Defunct Filipino restaurant in Portland, Oregon, U.S.

Baon Kainan was a Filipino restaurant in Portland, Oregon, United States. It garnered a positive reception, before closing in 2025.

== Description ==
The restaurant Baon Kainan served Filipino / Filipino-American cuisine in Portland, Oregon. The business operated from a food cart on Alberta Street called Alberta Carts, and later on Couch Street in the north Portland part of the Kerns neighborhood. Baon Kainan used the tagline "Not your tita's cooking". The restaurant's website said, "Our goal is to share our perspective on Filipino food through the lens of Filipino-Americans. Growing up predominantly in the U.S. and having a Filipino heritage makes our story unique but common to what second and third-generation Filipinos have experienced."

The menu included adobo made with smoked tamari and chicken stock, ensaïmadas, as well as kare-kare served with French fries. The business also served sisig with jackfruit and mushroom, Filipino spaghetti with banana ketchup tomato sauce, and calamansi cream puffs. The brunch menu included pork belly tosilog with eggs and garlic rice, and ube bibingka was among dessert options.

== History ==
The restaurant was owned by spouses Ethan and Geri Leung. It started as a pop-up in Seattle. In 2021, the couple relocated to Portland and moved Baon Kainan to a lot at Metalwood Salvage on Northeast Prescott Street.

Baon Kainan was part of the Sobrang Sarap food tour. It also hosted Balong as a pop-up serving breakfast sandwiches.
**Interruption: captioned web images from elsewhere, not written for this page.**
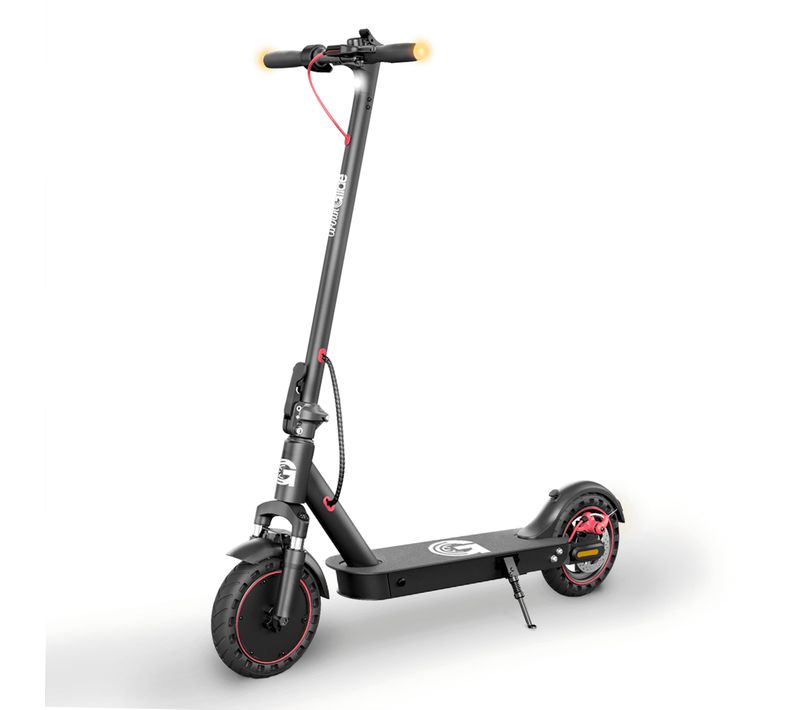 Trottinette Électrique Adulte   100 Pro 2 –  Moteur 1100w -  Autonomie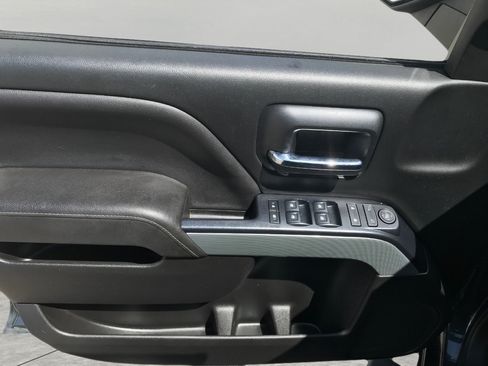 Used 2017 Chevrolet Silverado 1500 LT w/ All Star Edition AWD/4WD image 26
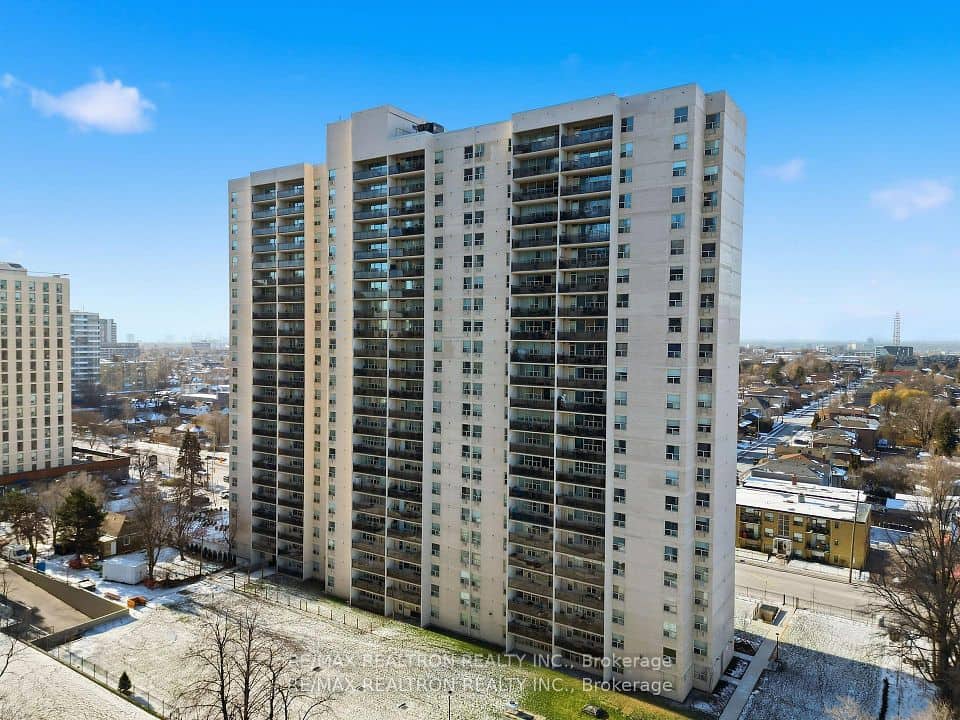 155 Marlee Avenue, Toronto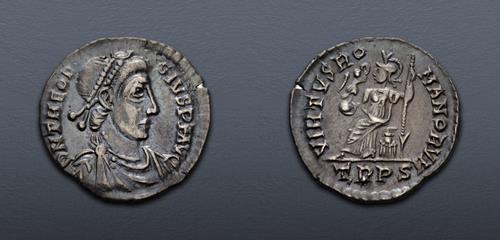 Lot 677 image
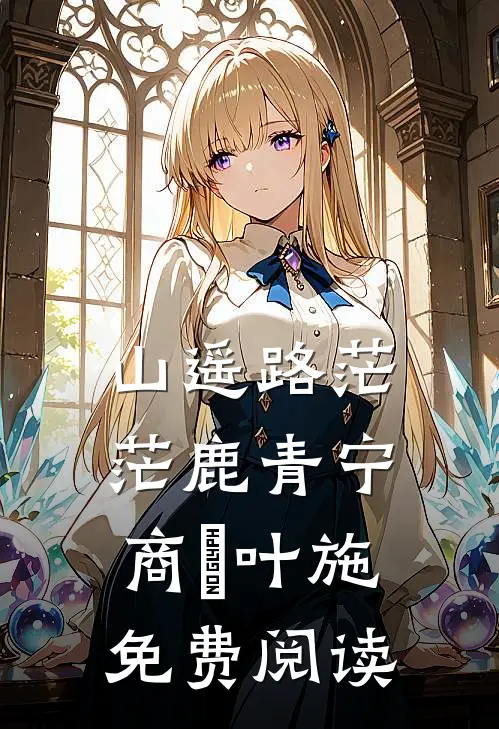 山遥路茫茫鹿青宁商彧叶施免费阅读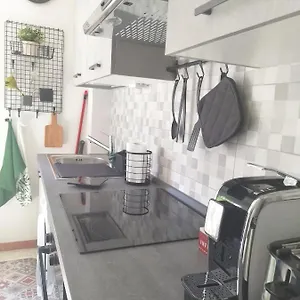 Appartamento Da Tina Civico 9, Bologna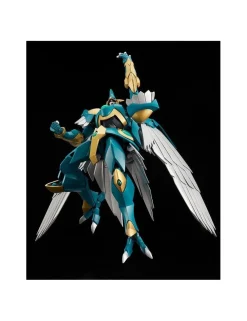 Good Smile Company Moderoid Magic Knight Rayearth Windom The Spirit of Air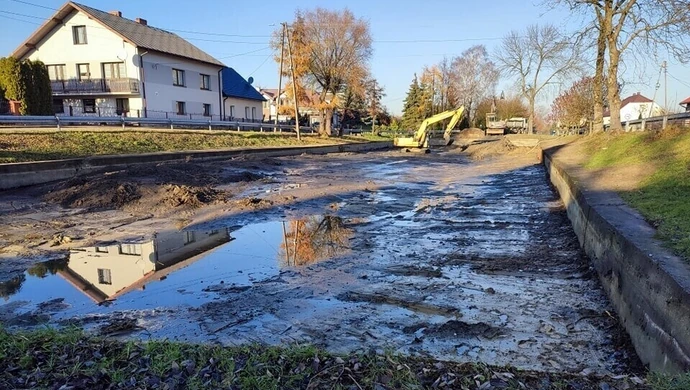 6 mln na renowację stawów i zbiorników wodnych w Łódzkiem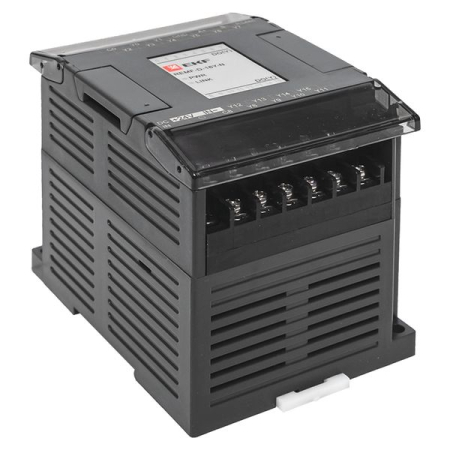 Модуль дискретного вывода REMF 16 N PRO-Logic EKF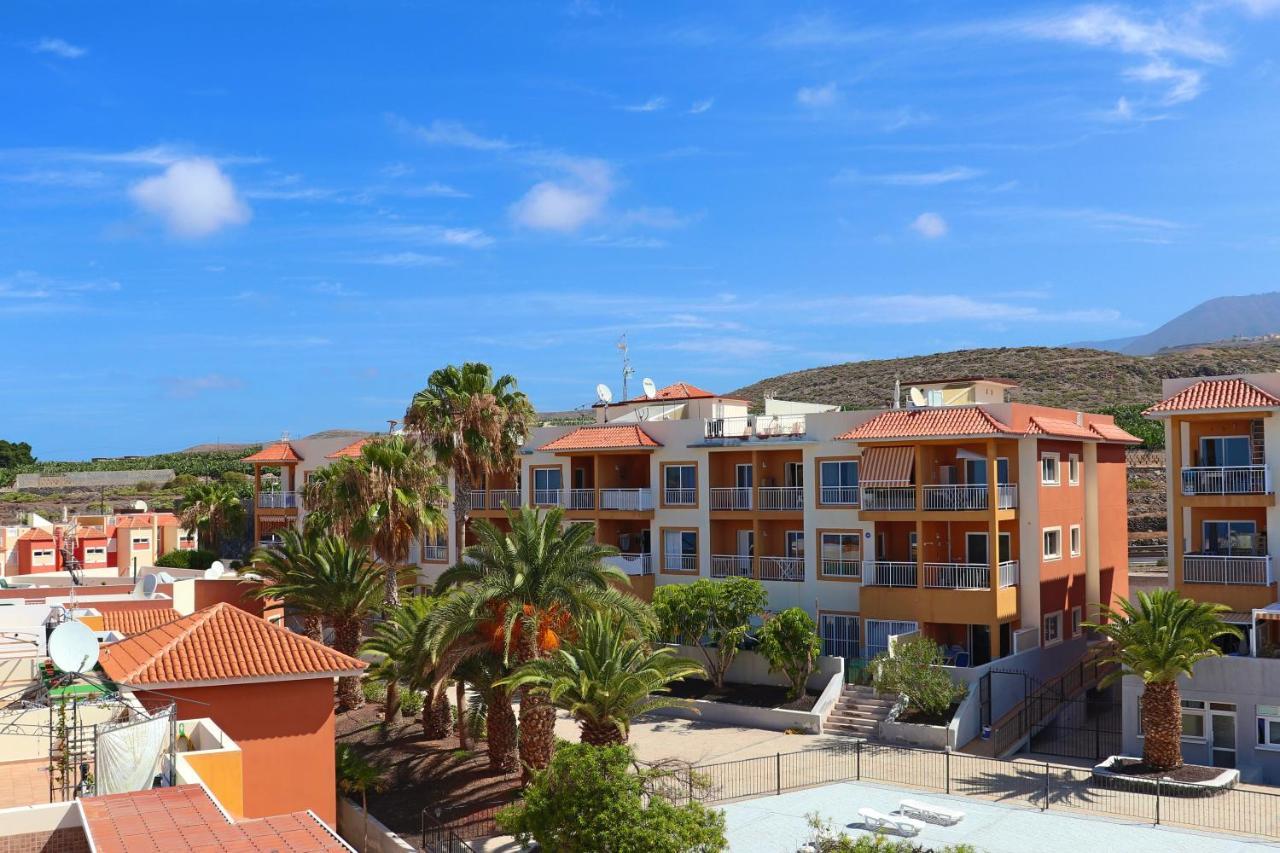 Appartement Rooftop Ocean View Big Terrace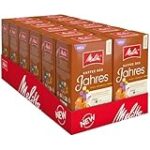 „Melitta Kaffee des Jahres 2024: Ein detaillierter Vergleich der besten Kaffees und Produkte für Kaffeeliebhaber“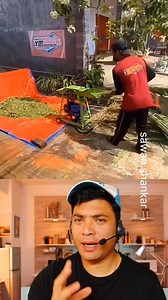 698K views · 9.6K reactions | Kasto lagyo machine #machine #treeservice #cutting #reels | Sawan Shankar | Facebook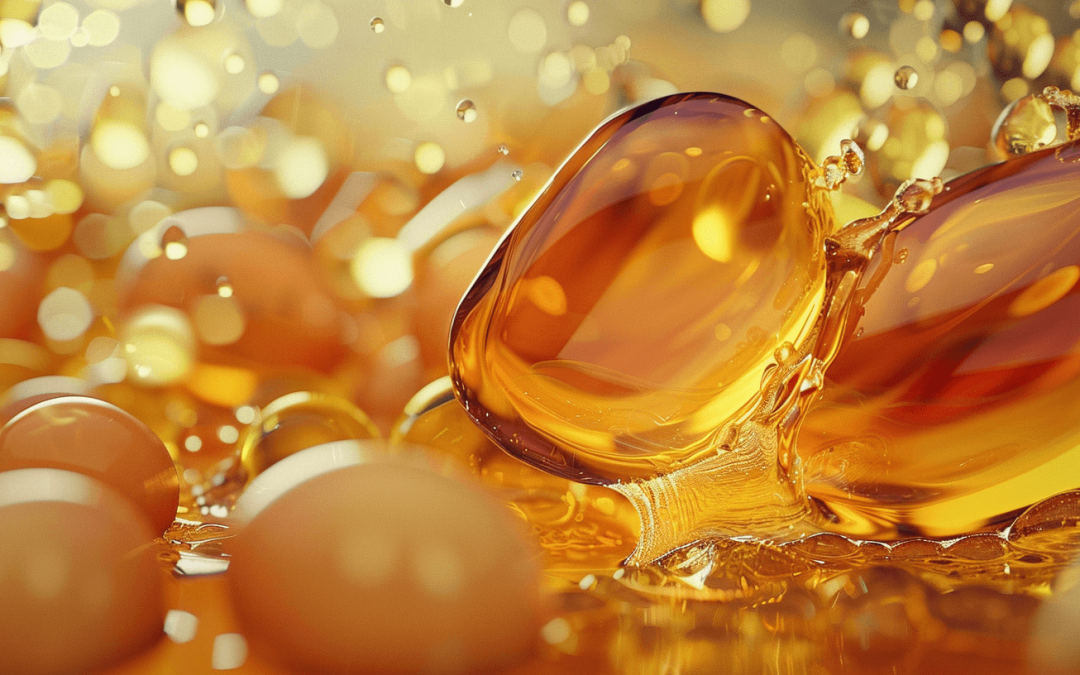 Argan Oil Fatty Acid Profile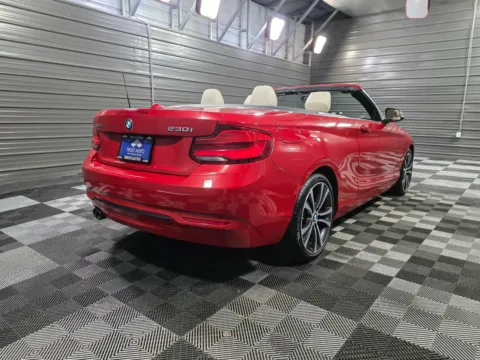 More photos of 2018 BMW 2 Series 230i xDrive at Trust Auto, MD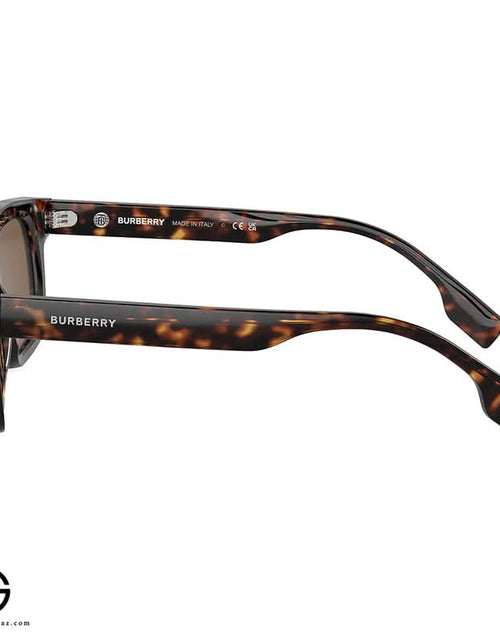 Load image into Gallery viewer, Sunglasses BURBERRY Sporty Style Man 15
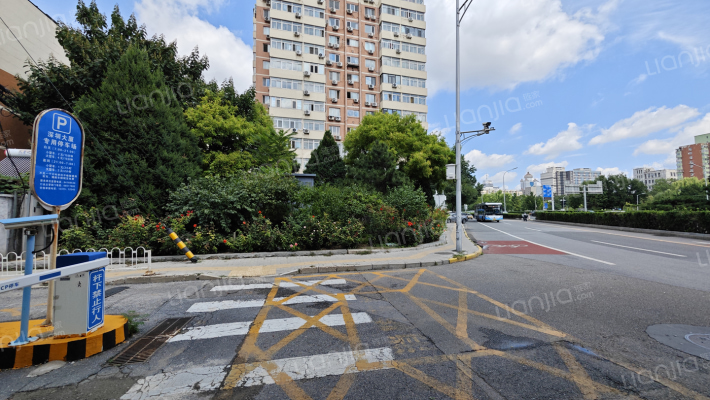 北滨河路55号外景图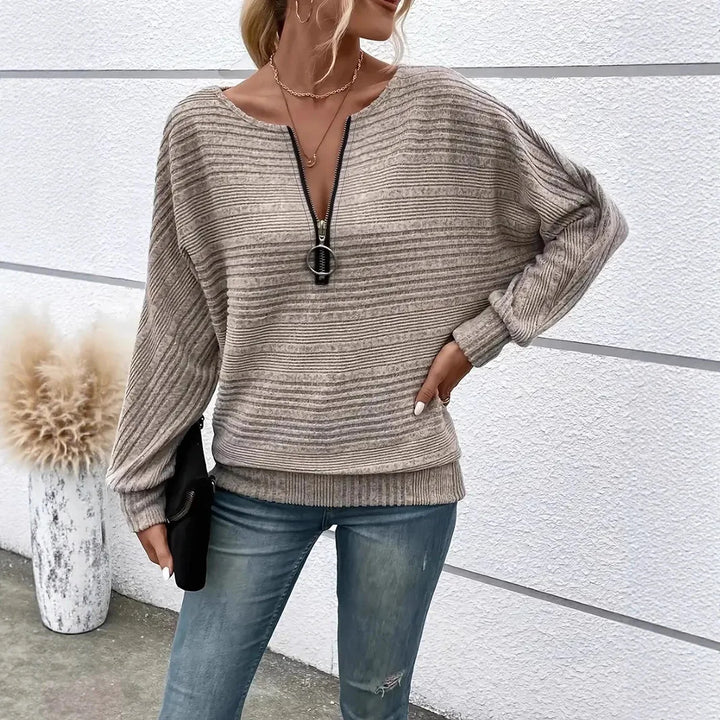 Aviana - Effortless Comfort Sweater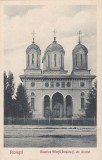 PLOIESTI BISERICA SFINTII IMPARATI,NECIRCULATA.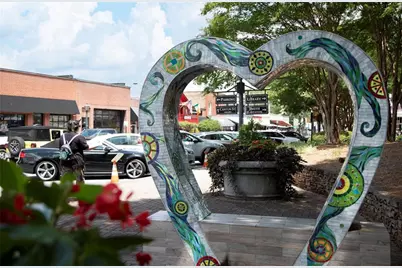 116 Bridgecrest Road #9, Roswell, GA 30075 - Photo 30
In 2025, Baon Kainan was among local Filipino establishments that participated in a fundraiser for victims of the Vancouver car attack.

Baon Kainan ceased operations as a food cart in July 2025 and re‑opened under a new concept as Pamana at The Hoxton, Portland, in Old Town Chinatown, starting September 3, 2025.

== Reception ==
Andrea Damewood of Willamette Week wrote, "While there are a few stellar representations of Filipino cooking around town, Baon Kainan's casual and boundary-expanding take on the classics fills a slot that's gone unfilled in Portland (and likely the Pacific Northwest)." Michael Russell included the business in The Oregonians overview of Portland's best new food carts of 2021. Alex Frane included Baon Kainan in Thrillist's 2021 overview of Portland's "must-hit" restaurants. Baon Kainan was named Cart of the Year by Portland Monthly in 2021. The magazine's Katherine Chew Hamilton included the business in a 2022 list of twenty food carts that define the city. In 2024, Nick Woo and Janey Wong included Baon Kainan in Eater Portland's overview of the city's "most outstanding" food carts, and The Infatuation's Krista Garcia also included the business in a list of Portland's best food carts. Baon Kainan was also included in Eater Portlands 2025 lists of Portland's best brunch restaurants and best food carts.